Ah, here it comes. The first story to make me jealous. A clever metafictional riff on Star Trek and its kin. Excellent craftsmanship, well paced, funny without being ridiculous, and, I suspect, perfectly engineered to match the audience.

But not perfect.

I get the feeling the story, like the narrator, suffers from a sort of loss of purpose. At the height of its powers, something slips, and the story Focus begins to weaken. Except it never quite comes back. More riffing on space opera doesn't cut it; a lecture about the existentialism & power of stories comes next, which feels positively hamfisted compared the grace of the beginning; then at last an ouroboros ending, which is cool and all, but doesn't really connect. It strikes me as a better end than having Inkindri meet the show's runners, whatever they might be, but it's still not satisfying.

A couple of question I've yet to answer:

What is the significance of In Kin Dri?

The following sentence leans heavily close to an external awareness: But from what I understand, those three Episodes were one of the ship’s best adventures that far. How is it obtained?
#1406 · 4
· on Just Do It · >>Bradel
Just Do It

In this feel-good tale sharing the title of a Nike advertising slogan, Tim the stereotypical millennial learns to stand up to the corporate world and deal with the guilt of having to listen to a poverty-stricken widow by abandoning his job in the middle of his shift and fucking his co-worker.

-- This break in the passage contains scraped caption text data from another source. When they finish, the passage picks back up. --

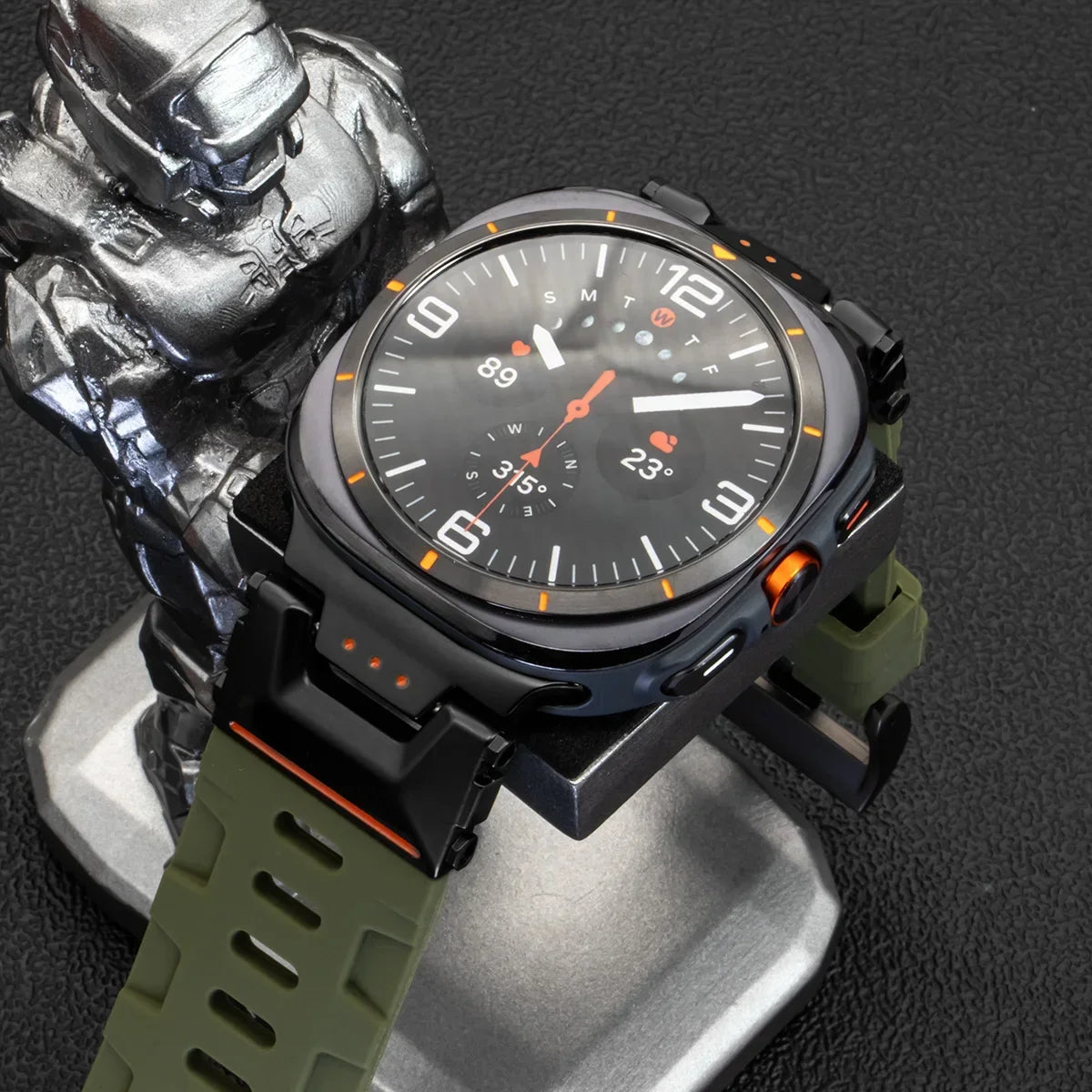 Samsung Galaxy Silicone Sport Watch Band - Ultra/Ultra2 No Gaps on a watch stand next to a figurine.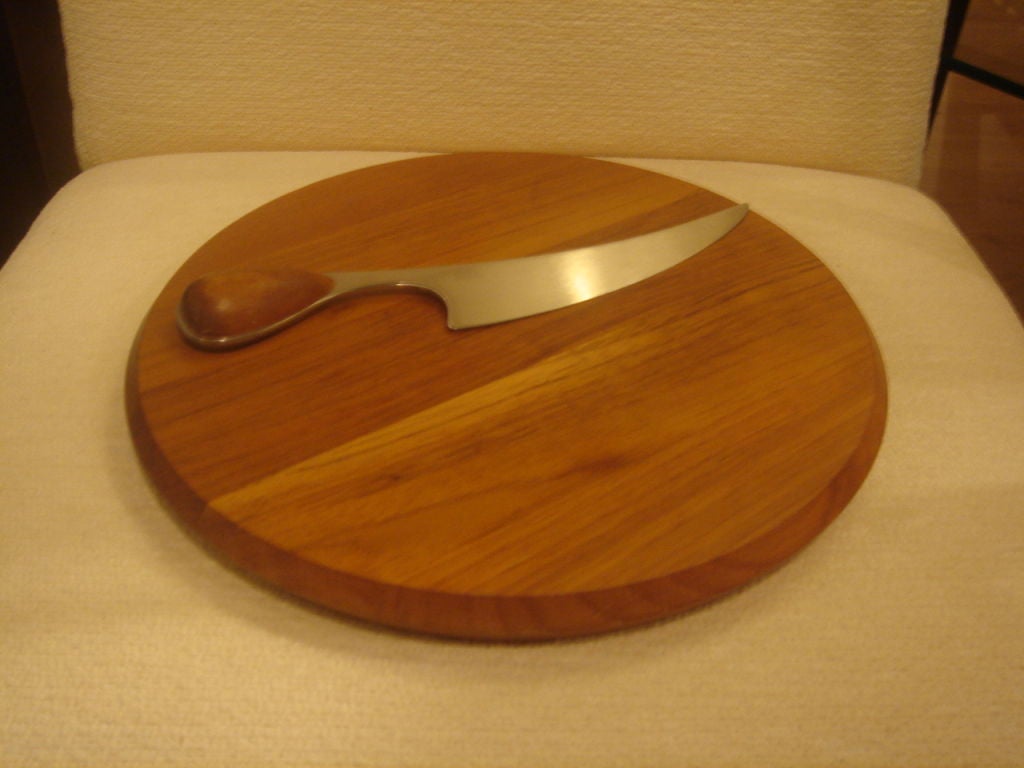 A round teak cheese cutting board and matching knife by Dansk in the Torun pattern.  Made in Denmark, circa 1950.  Knife handle fits into an indentation in the board.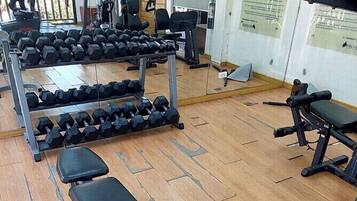 Ein Fitnessstudio mit Trainingsgeräten, Bänken und einer Spiegelwand.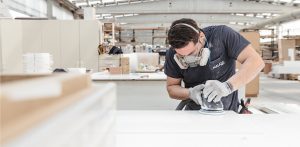 Operario con equipo de protección utiliza una lijadora orbital para pulir una pieza blanca en un taller industrial.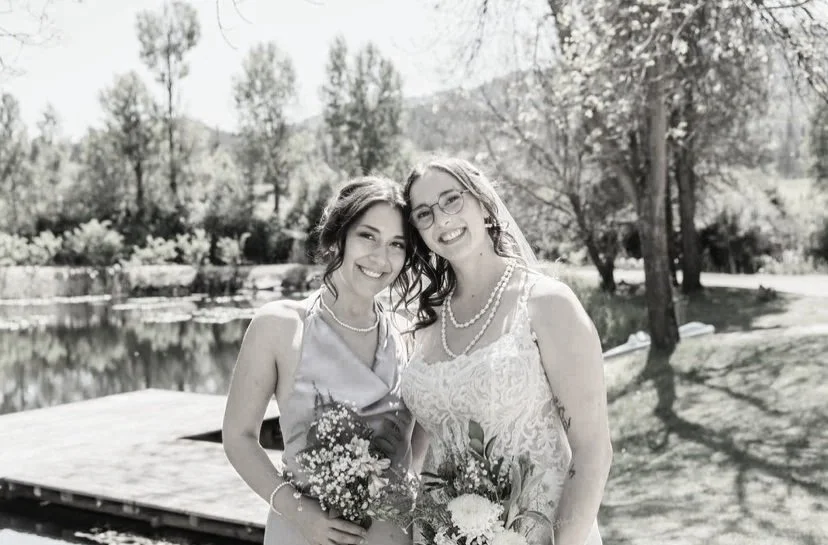 Two women dressed in formal attire holding bouquets of flowers, standing outdoors near a lake with trees in the background.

You may have noticed I didn't like this.

It feels almost as though everything in this story is engineered to rub me up the wrong way: It's shallow, melodramatic, cloyingly sentimental, and filled with a continuous, grating snark, both in the narration and the voices of both characters.

Perhaps I shouldn't penalise it on those grounds. Some people like schmaltz, after all.

But there are two things I can't forgive. First, for a character piece, it has close to no characterisation. Tim and Kayla are essentially identical boxes of watered-down aspiration and sarcasm. Second, for a message piece, its message is not only unrealistic but self-indulgent.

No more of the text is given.